The postmodern age is marked by a sense that rather than one story of reality there are many, none of which can be proven absolutely true. Language, rather than just describing reality, creates it – you can’t experience something until you can name it. Truth is seen as those things that the dominant culture agrees on – cannot be proved but often is disproved. Postmoderns have a deep suspicion of power, which doesn’t arise from knowledge but decides what knowledge is. Authority is lodged in experience and relationship, not in titles and hierarchies.

“This is the situation we preach into. The values of a generation ago are challenged. People have access to so much information. You can’t just do a monologue about what is right.”

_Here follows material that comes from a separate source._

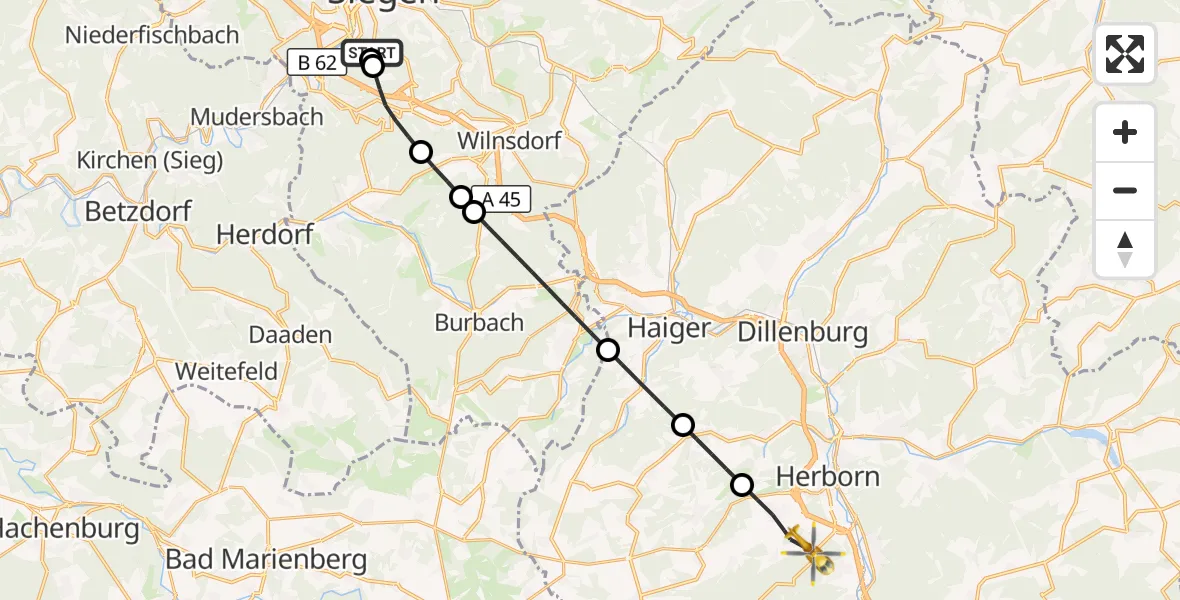 Flugroute Rettungshubschrauber Evangelisches Jung-Stilling Hospital - Herborn, 27 August 2026, 17:00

The shift has also created a window of spiritual openness. “Premoderns had a real sense of being dependent on God’s grace. Moderns said if we think hard enough we can save ourselves…but by the end of the 20th century we had been disabused of this illusion. We see this in GenX and millennials…they saw the wealth grabbing of their parents and saw that it didn’t get them salvation… There is more room for mystery and openness (now) than there has been in more than 3 centuries.”

In this world “truth is confessed and professed, but never possessed.” In the modern world truth was validated by conquering another point of view. But “in confession, the validity of your assertion rests not with its reception but with the integrity of the confessor… When we make claims about God’s action in our lives and our world, we can give people space to wonder or doubt” because our relationship with them doesn’t depend on their accepting our arguments. This “leaves room for the holy spirit to work” and allows us to follow God’s model shown on the cross. “God does not take the power route in the cross, but becomes very vulnerable.”

Moderns view the Bible as “the Encyclopedia Brittanica of the faith (and) open it looking it for answers. What if we imagine it as a collection of confessions of people so gripped by God’s story that they had no choice (but to tell it)?” Scripture is “a living word waiting to be set loose in you and in the community.”

“The Bible is the very beginning to the very end. We all live somewhere between the Acts and the Revelation. Our task is to take the biblical stories and stretch them, and drag our people into the stories..”

Preachers are not offering answers but “a world view, a framework to understand their lives.” There are many competing metanarratives in our world, one of which is the story of consumption. “Behind every ad and billboard is an assertion about the human condition – you do not have enough, you are not enough. But if you buy … maybe you’ll be OK. That narrative is of the devil. But if we do not offer a compelling alternative we have done nothing to advance the cause of Christ.”

“Preaching, like Christianity, is intensely relational… the preacher is mediating a relationship between the hearer and God.”

Preaching needs to actualize the tradition in the situation of your community.” If it is monologue, it needs to be “provisional monologue” designed to “catalyze conversation” among the people about things that really matter. “The message of unconditional love and grace is uncommon.” People who come to church should be able to “count on hearing this alien story…and be sustained in faith.”